I thought I'd kept it on the DL, but apparently Dad told Big Sis#2 of my recent churchgoing. Our text conversation from last week:

Big Sis#2: "I hear you've been staying over at Dad's and going to church. Think you made his year. What are you planning?? Mum must think you've lost it"

Mich: "DON'T TELL MUM."

Big Sis#2: "You're seriously going to church now"

Mich: "Yes. I don't know. I think maybe I've lost my mind. I'm depressed."

Big Sis#2: "Traitor!"

Mich: "-____-"

Big Sis#2: "Awww honey, but why are you depressed?"

Where do I even begin? I hate my job, I hate Bergen County, I hate my life, I hate that my cat is dead, I hate Stepdad and wish he was dead, and I hate that I feel that way and that he's made me feel that way, and I hate that I hate everything, and I feel trapped, and I need to GET OUT. The shrink isn't really helping. The vitamins* aren't helping and I really need to work on quitting them again. The drinking every night isn't helping and it's going to put me in an early grave if I don't cut it out. Writing isn't helping because I'm more blocked than my sinuses are from the vitamins*. Nothing helps; nothing makes the awful feelings go away. So I started going to church with Dad.

And it's helping. A little.

 I don't think I'm going to become like the crazies who think God hates gay people and abortion doctors, or the people who take the Bible as literal, word for word, believing the earth was literally created in 7 days and that the mere idea of evolution is heresy***. My beliefs haven't changed, not one bit. Just the practise of them has changed. Or perhaps the intensity of that practise?

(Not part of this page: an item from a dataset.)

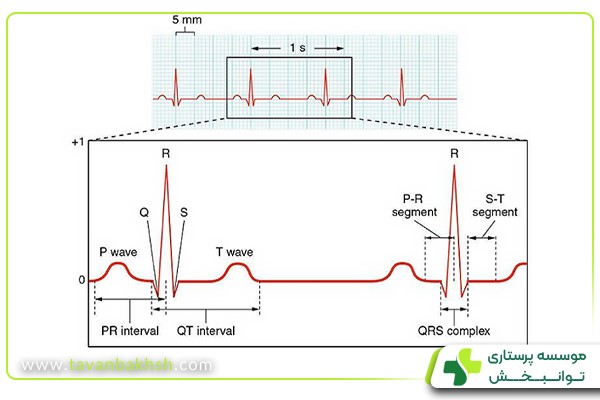 موج QRS در نوار قلب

Mum doesn't know yet, but I have a feeling that my days of secrecy are numbered. Eventually she's going to cop on to the fact that I'm spending every Saturday night at Dad's not just to hang out more with my bros (like when they go back to college and I keep going to Dad's she'll probably catch on...). Or she's going to catch me reading one of these nights (or on a weekend morning).

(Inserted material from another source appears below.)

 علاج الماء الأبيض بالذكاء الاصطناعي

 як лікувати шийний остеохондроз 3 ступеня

...most people do this with things like porn...
She already thinks I'm insane. This will make her think I need hospitalization.

Oh well. 





***[At the risk of possibly offending some of my readers (not my intention at all), I don't get the the issues with believing in evolution. Like for real, God in His infinite wisdom made all the livings on earth capable of changing and adapting to keep up with a changing environment. That's effing genius. If He hadn't done that, lots more species of animals and insects and whatnot could have died off. Like DUH. How is it blasphemous to accept, or even simply consider that notion?

Idk.... It just seems so obvious.]

23 comments:

  1. As we used to say in the Navy, "Roger that."
    I'm really going to have to meet that guy "Roger" one day.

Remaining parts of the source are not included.